Wednesday, May 28, 2008

Stealing the Security Token

The Ruhr Uni Bochum claims that they can steal the security token in a CardSpace scenario.... The experts from the German computer magazine c't could not verify the attack...
After reading the paper that describes the attack I must say that I find it very unrealistic.

The attack is described for managed cards. The browser is tricked to load malicious code and then the real RP's code is loaded and presented to the user. The malicious code then loads the root certificate for the malicious RP's SSL certificate and asks the user to install it into the trusted store. This is the biggest assumption in the scenario. Next the user clicks the purple CardSpace icon.

Case 1) Auditing Mode
Assume that CardSpace is tricked to request a token for the malicious RP. When this is the first time CardSpace sees this RP (which is likely) then there might be little CardSpace can do to help the user to recognize the malicious site (because of the installed root certificate). When this is not the first time then CardSpace will warn the user who will probably terminate the transaction.
But who installs a root cert into a trusted store might continue the transaction even when CardSpace raise all flags and blinks all warning lights.
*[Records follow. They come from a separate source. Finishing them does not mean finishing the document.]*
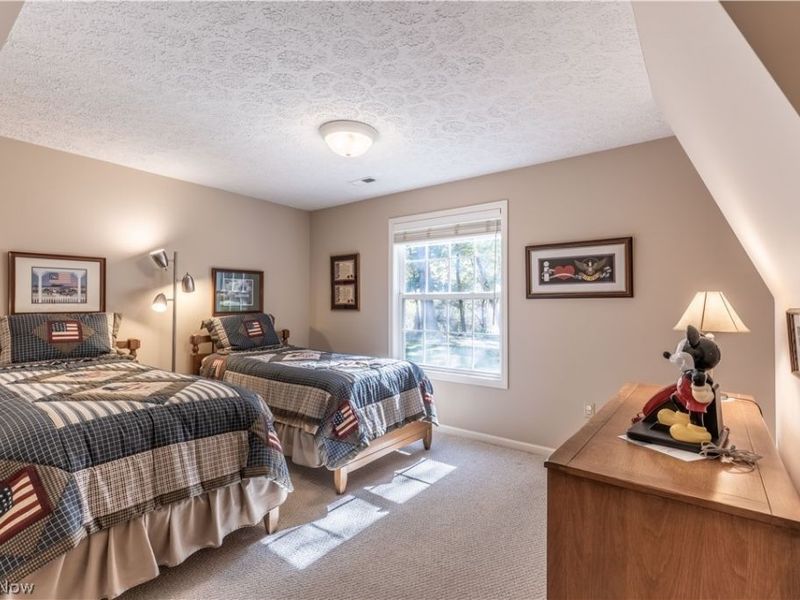 3852 Woodbury Oval, Unit 89, Stow, OH 44224 Photo 34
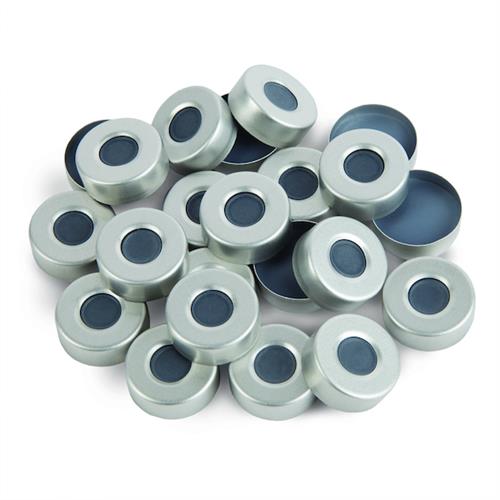 21761 | Headspace Vials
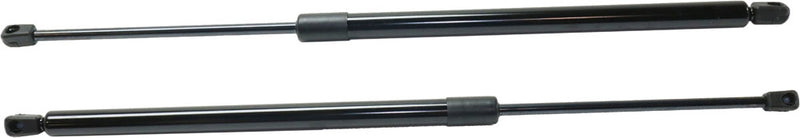 Hood Lift Support CarParts SET-RS61290008-2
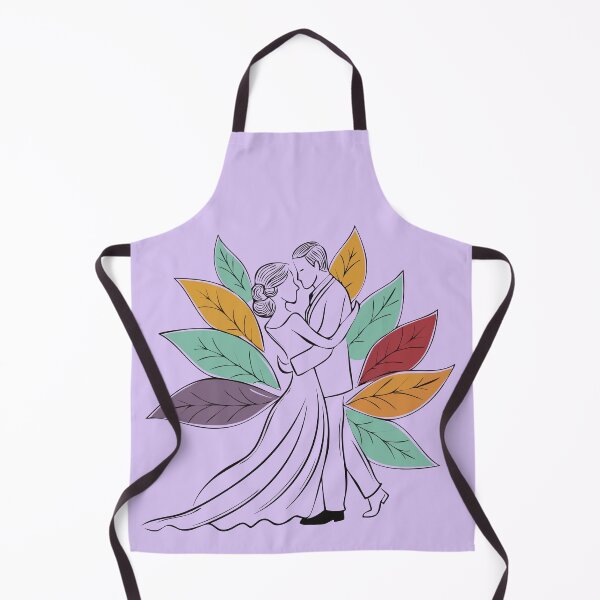 Item preview, We Dance Because We are Free designed and sold by Litely.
First: The IdP might reject to issue a token to an RP with which it does not have a contract or is outside the (enterprise) circle of trust. Then this attack does not work.
Second: When the IdP issues a token to the malicious RP then that RP can decrypt the token and read the (private) claims. Then it encrypts the assertion for the real RP. The malicious code in the browser (loaded from the malicious server) receives the newly encrypted token and presents it to the form for it to be submitted. The assumption that the malicious code can now reuse the security token to whatever purpose it likes at the RP is not true because the auditing mode restrict its use to the malicious RP.

Case 2) Non-Auditing Mode
Assume the same prerequisites as in case 1. The user is super stupid and the token is stolen and not restricted to the malicious RP. So whenever the real RP expects a security token the malicious code in the browser can provide it.

Do I have to say that an attackers code running inside my browser is probably deadly anyway? Even when the token is not stolen the likelihood that the claims will be a visible part of the "next" page is high, so they can be stolen this way too.

Can't wait to hear what Microsoft writes about this. I had a long busy day and will rethink the whole thing tomorrow.